BS, every time I go to the polls HERE IN CALIFORNIA, they ask for my CALIFORNIA DRIVERS LICENSE. They don’t check my address either, they look up my name. After all it is an alphabetical list. Missinformation like that from Fear Itself belongs in the pit, where it can be given the treatment it diserves.
Not lazy, just resentful on behalf of all North and South Americans whose entitlement to the sobriquet, ‘American’ has been usurped by the most insensitive and greedy of nations on the globe. Yes, I’m aware of the claim that the US is the only country in that part of the world that uses ‘America’ in the whole of their Statehood title (United States of America), but still, it’s a bit of a leap to make claim to all of that part of the global village by referring to themselves as the only ‘America’. BTW, it’s USers, not US’ers. Your gratuituous use of the apostrophe irks me, thus my crankiness.
The fact that your name is on a list only means that you are registered to vote, which is easy for non-citizens to do. As for showing your license when you vote, non-citizens can get driver’s licenses too, you know. I don’t see where anything I reported was “misinformation”; I had first hand experience with exactly the kind of voter fraud described in the article. If you have evidence that what was reported is false, you are free to present it.
Oh well then my apologies. I suggest you go have a talk with Aldebaran and get that whole moronic thing standardized. He at least manages to excuse it based on dyslexia, a foreign language and a keyboard with no roman letters on it.
Could you maybe address the actual points of my post? I mean as opposed to being the banner bearer for Bolivian aspirations to be known as Americans.

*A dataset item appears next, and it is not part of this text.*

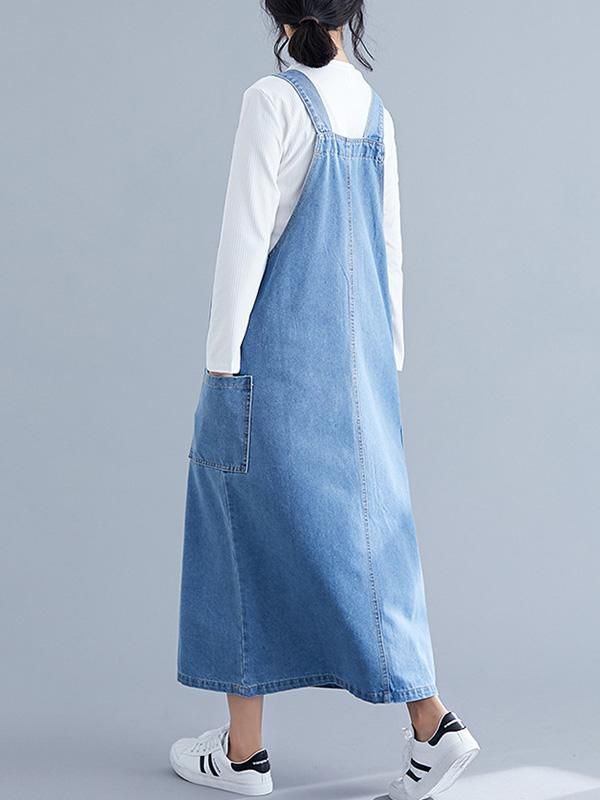 Denim Blue Front-pocket Long Dress - rrdeye Overall Dress Outfit Fall, Denim Overall Dress Outfit, Overall Dress Outfit, Dress Outfit Fall, Loose Denim Dress, Denim Dress Outfit, Fall Dress Outfit, Denim Overall Dress, Color Light Blue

I can’t understand the uncertainly. :rolleyes: Show me any conceivable case where foreign citizens living in their own country would be more affected than US citizens living in the US. Possibly a war, but leaving right or wrong aside, residents of invaded countries never get polled.
Traditionally foreign citizens living IN a country have not had the right to vote, this is changing in certain European countries. http://perso.nnx.com/marion/english66.htm
There are debates on extending voting franchise to permanent residents for local elections in Japan, although it is opposed by the Liberal Democratic Party.
This, to me, is the most absurd part of this idea. It makes no difference to Americans who wins the election? I guess, living in Australia, your colleague doesn’t know about the tremendous differences there are between the two parties’ positions on many domestic issues.
“Usurped” is much too strong a word. I would call it the natural evolution of a language. The word “American” now means “a citizen of the USA”. That’s true even among people who live in the other nations of North and South America. For example, I lived in Canada for five years, and I assure you that the normal word we used to refer to people south of the border was “American”. We’d complain about all the American tourists, for example.
Logically, I agree, “American” should be used for a resident of the entire continents. But language is not always logical.